Fifteen years ago, individual experiments at some Universities and Labs were Agile. Ten years ago, Agile was underground or vanguard … used only in a little number of projects and organizations. Nowadays, it is obvious that we are all Agile. Organizations and projects are Agile because they run Scrum and Scrum equals Agile, Agile equals Scrum, right? But what if Scrum is not Agile? Can it be that way?
Now you probably think — this guy is insane — why Scrum would not be Agile? Scrum equals Agile, everyone knows that. One of my favorite interview question is: “What does Agile mean ergo why is Scrum Agile?” … and many people fail to answer! Well, it is assumed that Scrum/Kanban/XP/whatever is Agile because these methods stand in opposition to the traditional heavyweight processes, which were born before the application development crisis. But is it enough to be in the opposition, to really be considered Agile?
Many of the methods/techniques developed in the opposition to waterfall during 90’s led to Agile Manifesto codified in 2001 in Snowbird. Since then, we can easily say that a development framework or method is Agile if and only if it is compliant with the Agile Manifesto and its principles:
- Individuals and interactions over processes and tools;
- Working software over comprehensive documentation;
- Customer collaboration over contract negotiation;
- Responding to change over following a plan.
I always feel inner amusement when I ask the question: Are you working Agile? Very often I hear answers such as:
“Yes, we have Scrum, but it’s not exactly agile, because we do not strictly implement rules from the scrum guide.”
So, is Scrum heavyweight and not Agile? No, but Yes or could be? To me this is really simple. YOU ARE effectively NOT acting Agile when you are (for example):
- a Scrum Master who focuses on the Scrum rules instead of delivering great software,
- a developer who makes the code cleaner and cleaner instead of delivering software without bugs,
- a Product Owner who is an accountant in relation to your customer instead of defining valuable functionalities.

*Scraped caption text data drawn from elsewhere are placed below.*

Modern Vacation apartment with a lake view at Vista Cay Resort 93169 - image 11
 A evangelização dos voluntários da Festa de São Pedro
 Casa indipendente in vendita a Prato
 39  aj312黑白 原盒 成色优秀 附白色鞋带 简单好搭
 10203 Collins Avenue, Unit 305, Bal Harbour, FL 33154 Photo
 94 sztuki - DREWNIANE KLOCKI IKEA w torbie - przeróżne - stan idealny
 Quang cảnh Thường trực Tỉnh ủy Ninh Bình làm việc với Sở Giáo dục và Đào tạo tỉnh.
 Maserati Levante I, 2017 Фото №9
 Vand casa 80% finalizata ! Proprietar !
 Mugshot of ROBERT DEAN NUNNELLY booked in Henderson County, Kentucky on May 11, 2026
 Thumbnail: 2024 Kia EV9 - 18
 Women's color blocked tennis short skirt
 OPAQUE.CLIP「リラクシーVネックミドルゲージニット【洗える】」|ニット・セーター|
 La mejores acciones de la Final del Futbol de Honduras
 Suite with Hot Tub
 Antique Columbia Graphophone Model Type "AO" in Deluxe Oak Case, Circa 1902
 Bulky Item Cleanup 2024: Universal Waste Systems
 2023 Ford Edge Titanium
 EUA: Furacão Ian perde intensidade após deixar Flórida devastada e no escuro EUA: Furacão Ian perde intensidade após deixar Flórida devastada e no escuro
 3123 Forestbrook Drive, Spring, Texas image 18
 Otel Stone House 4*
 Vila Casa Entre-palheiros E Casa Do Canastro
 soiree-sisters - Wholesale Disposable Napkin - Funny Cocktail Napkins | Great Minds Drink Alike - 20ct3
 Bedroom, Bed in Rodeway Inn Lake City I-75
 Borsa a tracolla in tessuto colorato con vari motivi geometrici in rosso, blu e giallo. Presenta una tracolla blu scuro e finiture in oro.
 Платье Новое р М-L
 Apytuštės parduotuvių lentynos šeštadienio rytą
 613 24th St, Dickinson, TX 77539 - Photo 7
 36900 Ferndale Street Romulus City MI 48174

Summing up, you are NOT acting Agile if you only practice some of the ceremonies of Scrum, but forget about the essence of Agile expressed in the Agile Manifesto!
If Mr. Miyagi were an Agile coach instead of a karate master he would probably say: “First learn how to be Agile, then implement Scrum”.
Do not get me wrong — Scrum is a great framework. In my opinion, it is still the best framework for software development! But while using it, please do not forget about the foundations of agility — Agile Manifesto.